Tatum's flight was at 7.30 p.m. so she arrived at KK at 10 p.m. So, I've decided to give her a call at around 11p.m. and I was so sad to hear the news from Tatum about her mum's condition. I know how she felt as her mum suddenly fell sick though about a month ago before she went back to KL her mum was in a pink of health. She also told me that the doctor said nothing can be done and I prayed to God to give strength to her family and do the best for her mum.

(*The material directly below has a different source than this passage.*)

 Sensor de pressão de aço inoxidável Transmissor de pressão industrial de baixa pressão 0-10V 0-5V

I was already asleep when I received this SMS from Tatum at 2.27 a.m. today:

Ibu sy (Pn. Sekia) sdh dipanggil Tuhan at 2.08 a.m. Pls pray utk sgala kprluan kmi n prsiapan utk kebumi..doa jg utk phburan bg kmi skluarga.
I read the SMS again and again because I didn't believe what had been typed and I thought I was dreaming. Then, I woke up in the morning and read the SMS again..tears falling down from my eyes T_T ...the SMS is very true and I'm not dreaming. I feel so sad for the loss of Tatum's mum. We had met twice , in sabah and also in Shah Alam. For me she's such a lovely person and so motherly. Later, I called Tatum and told her to be strong and gave her support.

The death of Tatum's mum reminds me of the death of my beloved grandpa on 30th May this year. It's hard to accept the death of our love ones especially when it's a sudden death. We felt like they shouldn't leave us yet because we still need them but it is beyond our control. It lies in God's hand because no one comes to God except through Him.

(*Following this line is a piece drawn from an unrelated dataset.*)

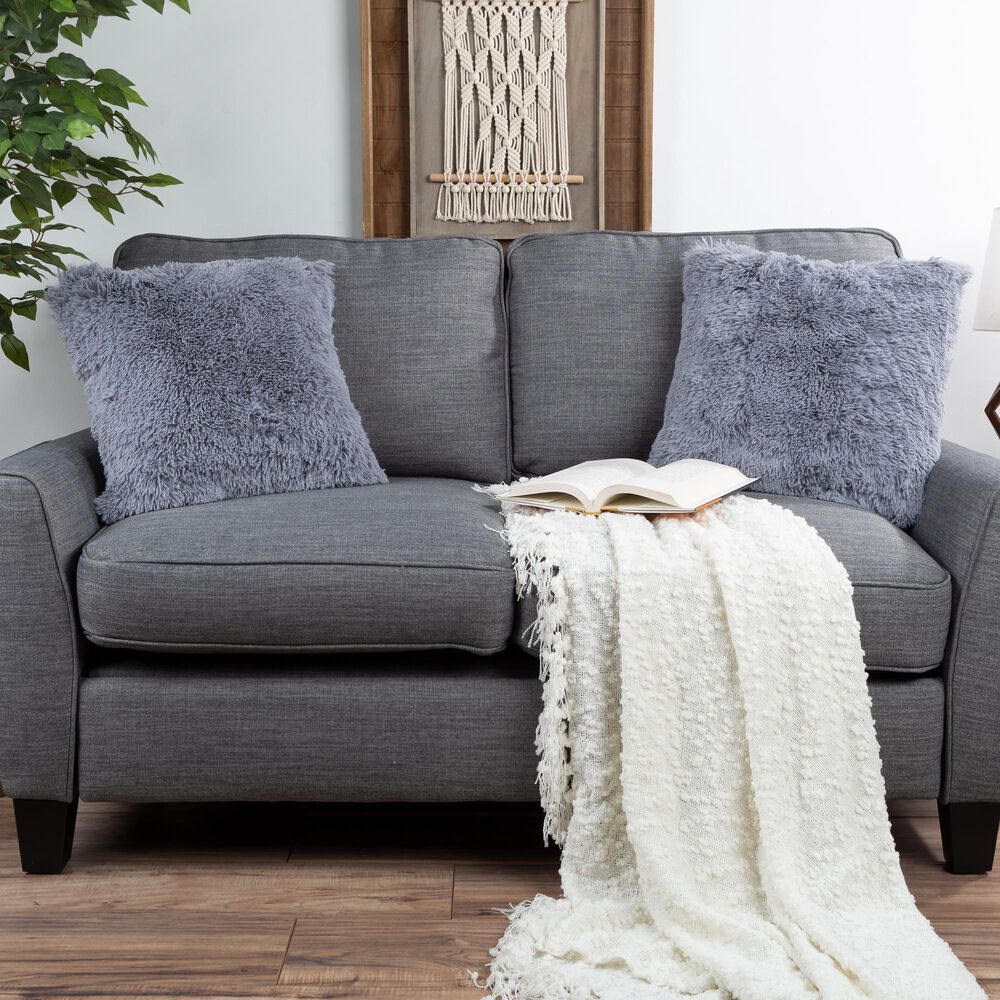 Timberlake Hastings Home Pillow in Gray &#40;Set of 2&#41;, , large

This is the verse from the bible that I came across when I was writing the biography for my grandfather and I did share it with Tatum.

Revelation 14: 13 Then I heard a voice from heaven say, "Write: Blessed are the dead who die in the Lord from now on." "Yes, "says the spirit,"they will rest from their labor, for their deeds will follow them.

This verse gives me the strength that I need to face the fact that my grandpa is now in a different world from me and I believe that Tatum can do the same thing too. Today when I think back about the bad feelings that I had yesterday it was the same feeling that I had experienced few hours before my uncle and my grandpa died. I just don't know how did these happened.

Condolence to Tatum and her family. Be strong girl for the Lord God is with you and I will always be there for you.